Segment Start: Data to use

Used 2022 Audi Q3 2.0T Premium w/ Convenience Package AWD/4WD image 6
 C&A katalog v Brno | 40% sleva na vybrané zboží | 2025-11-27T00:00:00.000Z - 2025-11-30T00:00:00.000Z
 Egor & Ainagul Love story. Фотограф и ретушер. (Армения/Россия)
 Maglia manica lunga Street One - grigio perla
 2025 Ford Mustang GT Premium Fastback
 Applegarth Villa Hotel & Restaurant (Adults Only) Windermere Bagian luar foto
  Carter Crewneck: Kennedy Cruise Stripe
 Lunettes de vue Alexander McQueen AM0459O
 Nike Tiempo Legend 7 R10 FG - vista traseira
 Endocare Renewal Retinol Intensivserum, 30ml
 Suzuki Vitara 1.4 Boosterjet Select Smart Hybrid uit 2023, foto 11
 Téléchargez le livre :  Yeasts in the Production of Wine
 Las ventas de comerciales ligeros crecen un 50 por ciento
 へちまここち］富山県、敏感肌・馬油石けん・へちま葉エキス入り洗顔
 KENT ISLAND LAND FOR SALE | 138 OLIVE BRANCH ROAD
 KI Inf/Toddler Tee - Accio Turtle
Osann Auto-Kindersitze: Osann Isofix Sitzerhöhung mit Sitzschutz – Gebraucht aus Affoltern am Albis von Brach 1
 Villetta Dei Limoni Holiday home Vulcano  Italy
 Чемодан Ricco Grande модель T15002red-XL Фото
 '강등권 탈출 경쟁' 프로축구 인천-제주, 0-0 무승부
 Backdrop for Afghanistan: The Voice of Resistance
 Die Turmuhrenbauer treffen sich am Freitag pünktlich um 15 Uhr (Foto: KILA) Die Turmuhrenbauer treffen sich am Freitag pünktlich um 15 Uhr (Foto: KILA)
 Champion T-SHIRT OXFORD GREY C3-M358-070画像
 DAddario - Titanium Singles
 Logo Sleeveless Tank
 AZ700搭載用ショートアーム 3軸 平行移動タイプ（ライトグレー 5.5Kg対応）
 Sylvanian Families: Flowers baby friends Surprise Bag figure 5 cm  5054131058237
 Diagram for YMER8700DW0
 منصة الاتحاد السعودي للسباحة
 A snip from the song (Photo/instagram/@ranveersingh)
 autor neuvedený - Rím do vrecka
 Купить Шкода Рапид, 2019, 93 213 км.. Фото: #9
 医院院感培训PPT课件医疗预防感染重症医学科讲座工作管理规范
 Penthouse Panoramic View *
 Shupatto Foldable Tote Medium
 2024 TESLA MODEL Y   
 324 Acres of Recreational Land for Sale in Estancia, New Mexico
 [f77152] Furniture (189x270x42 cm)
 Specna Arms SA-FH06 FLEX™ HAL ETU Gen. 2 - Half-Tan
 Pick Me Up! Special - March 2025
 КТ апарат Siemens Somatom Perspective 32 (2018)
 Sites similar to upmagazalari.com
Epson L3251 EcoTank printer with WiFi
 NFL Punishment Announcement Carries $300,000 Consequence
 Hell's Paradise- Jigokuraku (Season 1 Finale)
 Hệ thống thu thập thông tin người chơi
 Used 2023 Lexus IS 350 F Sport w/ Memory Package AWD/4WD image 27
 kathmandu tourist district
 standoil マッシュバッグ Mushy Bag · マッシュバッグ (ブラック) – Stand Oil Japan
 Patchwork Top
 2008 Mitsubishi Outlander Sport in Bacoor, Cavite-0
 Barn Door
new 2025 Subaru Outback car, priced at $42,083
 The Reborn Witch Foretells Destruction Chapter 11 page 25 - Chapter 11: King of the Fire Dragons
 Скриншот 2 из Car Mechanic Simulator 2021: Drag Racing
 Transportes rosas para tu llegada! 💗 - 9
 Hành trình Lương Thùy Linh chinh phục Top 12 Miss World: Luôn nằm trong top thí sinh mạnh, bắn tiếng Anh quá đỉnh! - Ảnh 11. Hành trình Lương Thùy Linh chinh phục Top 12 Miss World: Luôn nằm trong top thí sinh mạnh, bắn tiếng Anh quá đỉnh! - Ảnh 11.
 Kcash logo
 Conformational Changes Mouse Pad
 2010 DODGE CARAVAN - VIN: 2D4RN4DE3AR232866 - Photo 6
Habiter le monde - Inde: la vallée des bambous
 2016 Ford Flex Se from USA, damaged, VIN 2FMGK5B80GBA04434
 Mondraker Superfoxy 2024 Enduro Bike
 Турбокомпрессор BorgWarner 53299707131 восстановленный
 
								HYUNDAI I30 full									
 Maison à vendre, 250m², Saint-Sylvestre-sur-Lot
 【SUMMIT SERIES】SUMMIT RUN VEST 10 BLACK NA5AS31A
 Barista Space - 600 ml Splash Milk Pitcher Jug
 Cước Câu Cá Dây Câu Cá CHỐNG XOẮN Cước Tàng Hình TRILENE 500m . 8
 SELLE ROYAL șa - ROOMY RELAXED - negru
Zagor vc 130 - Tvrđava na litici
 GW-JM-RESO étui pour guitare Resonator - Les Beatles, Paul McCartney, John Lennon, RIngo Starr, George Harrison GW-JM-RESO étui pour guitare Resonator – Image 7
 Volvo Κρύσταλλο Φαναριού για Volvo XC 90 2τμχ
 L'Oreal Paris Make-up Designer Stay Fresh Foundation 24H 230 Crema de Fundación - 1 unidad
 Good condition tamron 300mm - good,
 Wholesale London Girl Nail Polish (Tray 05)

Segment End: Data to use

**Required action:** Count the lines above that contain the word "from", and reply with only that number.

**Completed exercise:** 2